I have uploaded this picture file, because the LATEX tag doesn't work for me at the moment.

$\text {let }I=\int _{ 0 }^{ \pi /2 }{ \sin t\cos t\ln { \left( \frac { \tan t }{ e^{ t } } \right) } dt } \\ I=\int _{ 0 }^{ \pi /2 }{ \sin t\cos t\ln { \left( \frac { \cot t }{ e^{ \pi /2-t } } \right) } dt } \qquad \qquad \color{#3D99F6} //put \quad u=\pi /2-t \\ 2I=\int _{ 0 }^{ \pi /2 }{ \sin t\cos t\ln { \left( \frac { \tan t }{ e^{ t } } \right) } dt } +\int _{ 0 }^{ \pi /2 }{ \sin t\cos t\ln { \left( \frac { \cot t }{ e^{ \pi /2-t } } \right) } dt } \\ 2I=\int _{ 0 }^{ \pi /2 }{ \sin t\cos t\left( \ln { \left( \frac { \tan t }{ e^{ t } } \right) } +\ln { \left( \frac { \cot t }{ e^{ \pi /2-t } } \right) } \right) dt } =\int _{ 0 }^{ \pi /2 }{ \sin t\cos t\ln { \left( e^{ -\pi /2 } \right) } dt } \\ 2I=-\frac { \pi }{ 2 } \int _{ 0 }^{ \pi /2 }{ \sin t\cos t\quad dt } =-\frac { \pi }{ 4 } \\ I=-\frac { \pi }{ 8 }$

Another trick is to expand the integrand into:

sin(x) cos(x) ln[ sin(x)/(cos(x) e^x) ] = sin(x) cos(x)*[ln sin(x) - ln cos(x) - ln e^x];

or sin(x) cos(x) ln sin(x) - sin(x) cos(x) ln cos(x) - sin(x) cos(x) x;

or sin(x) cos(x) ln sin(x) - sin(x) cos(x) ln cos(x) - (x/2)*sin(2x); (i).

Now, taking u = sin(x); du = cos(x) dx; v = cos(x); dv = -sin(x) dx, the integral of u*ln(u) becomes:

(u^2)/2 * [ln(u) - 1/2] (ii)

using integration-by-parts.
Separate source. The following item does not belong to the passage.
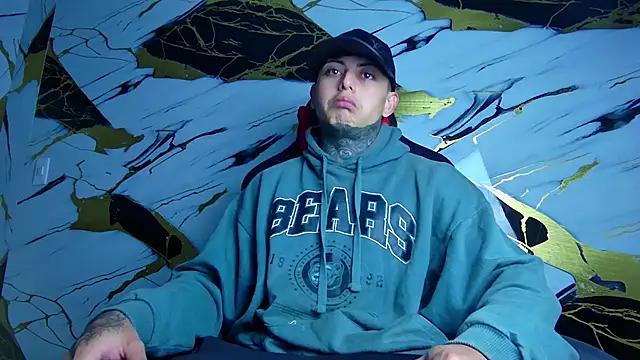 Snapshot of Kevin22_222 chatting on 01/25/25, 02:04 Kevin22 222 online show from 01/25/25, 02:04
This yields the final integration value of:

(1/2) (sin(x))^2 * [ln(sin(x) - 1/2] + (1/2) (cos(x))^2 * [ln(cos(x) - 1/2] - (1/8) sin(2x) + (x/4) cos(2x) (iii)

Plugging in the bounds 0 and pi/2 to (iii) ultimately gives -pi/8 for a result.